» WHAT THE TASK REQUIRES
The lines below starting at the line containing "Tanzimat ve Edebiyat;" and ending at the line containing "Curso de C desde" are to be repeated exactly, with both ends kept and nothing else added.

BEGIN DATA TO USE

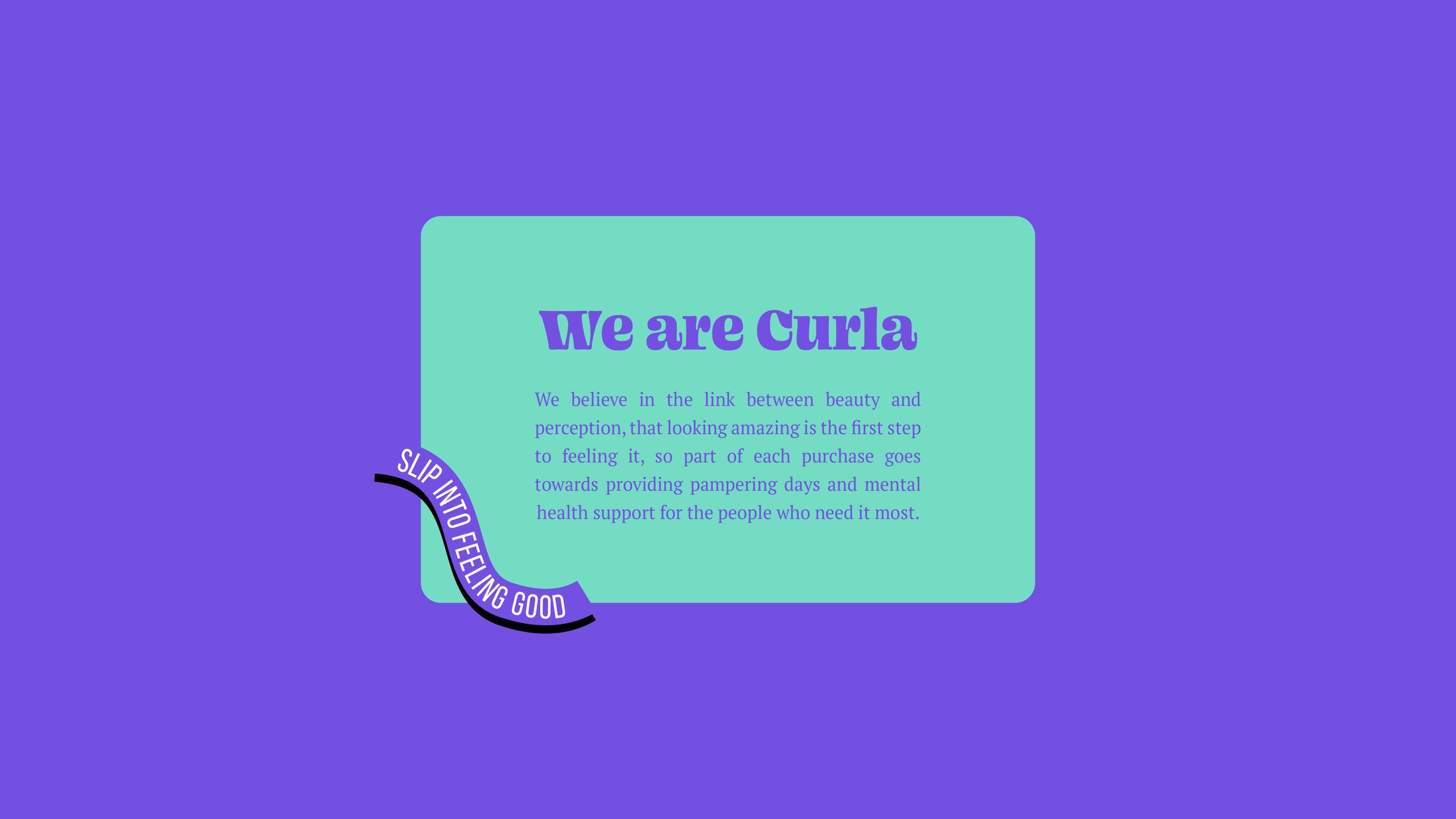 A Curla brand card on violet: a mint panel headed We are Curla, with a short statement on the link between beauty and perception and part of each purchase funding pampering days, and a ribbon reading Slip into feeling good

END DATA TO USE
BEGIN DATA TO USE

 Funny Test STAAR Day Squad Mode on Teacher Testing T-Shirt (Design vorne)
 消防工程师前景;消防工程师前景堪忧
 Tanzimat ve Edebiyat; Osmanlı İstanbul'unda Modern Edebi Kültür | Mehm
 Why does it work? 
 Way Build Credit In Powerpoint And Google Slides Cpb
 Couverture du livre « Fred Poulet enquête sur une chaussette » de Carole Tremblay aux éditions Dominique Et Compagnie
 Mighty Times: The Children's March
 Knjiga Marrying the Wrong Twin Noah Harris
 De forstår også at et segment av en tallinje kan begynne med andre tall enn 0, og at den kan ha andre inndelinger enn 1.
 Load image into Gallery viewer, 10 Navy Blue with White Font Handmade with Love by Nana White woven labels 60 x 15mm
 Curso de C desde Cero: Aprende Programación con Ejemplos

END DATA TO USE

» RESULT BELOW
 Tanzimat ve Edebiyat; Osmanlı İstanbul'unda Modern Edebi Kültür | Mehm
 Why does it work? 
 Way Build Credit In Powerpoint And Google Slides Cpb
 Couverture du livre « Fred Poulet enquête sur une chaussette » de Carole Tremblay aux éditions Dominique Et Compagnie
 Mighty Times: The Children's March
 Knjiga Marrying the Wrong Twin Noah Harris
 De forstår også at et segment av en tallinje kan begynne med andre tall enn 0, og at den kan ha andre inndelinger enn 1.
 Load image into Gallery viewer, 10 Navy Blue with White Font Handmade with Love by Nana White woven labels 60 x 15mm
 Curso de C desde Cero: Aprende Programación con Ejemplos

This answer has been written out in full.